Years ago, when Paix was only 2 years old, I had to call the police on an ex-boyfriend.  This was during the time before Eric and I had started dating.  I was living on my own with Paix in a two-bedroom apartment that was in a building that had one time be the Sunday school rooms of a church.  We lived on the third floor – the top floor.  I didn’t date a whole lot back then, but I did date.  I had broken up with this particular boyfriend because he had started drinking heavily and I didn’t want Paix around that type of behavior.  He hadn’t gotten violent, but he was showing signs that it could happen and soon. 

One night after Paix and I had gone to bed, he started banging on my door yelling at me to let him in – that he just wanted to talk.  I could tell that he was drunk and told him to leave.  He didn’t.  In fact, he started banging louder and messing with the door knob.  Then there came a kind of scratching noise around the door knob.  I feared that he was trying to pick the lock, so I called 911.  I was scared.  I had never had anything like this happen before and didn’t know exactly how to act.  I prayed the police would get there before he could get in.

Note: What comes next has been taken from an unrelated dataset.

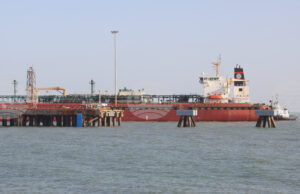 ПТИ: Танкерът "Джаг Васант", превозващ 47,000 тона пропан-бутан от Кувейт, акостира на индийското пристанище "Вадинар"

Not long after I made the phone call, there was a commotion in the hallway and then a knock on the door.  Seconds later there were four policemen in my apartment.  I only really remember two of them clearly – a very large, teddy bear type and a small guy with a really bad attitude – you could tell he was angry.  They started asking me questions about what had happened and by that time I was so relieved that I started crying.  They told me that my ex wasn’t trying to pick the lock but instead had a ring that he was rubbing against the door.  It was a metal door so that’s why it sounded like scratching. 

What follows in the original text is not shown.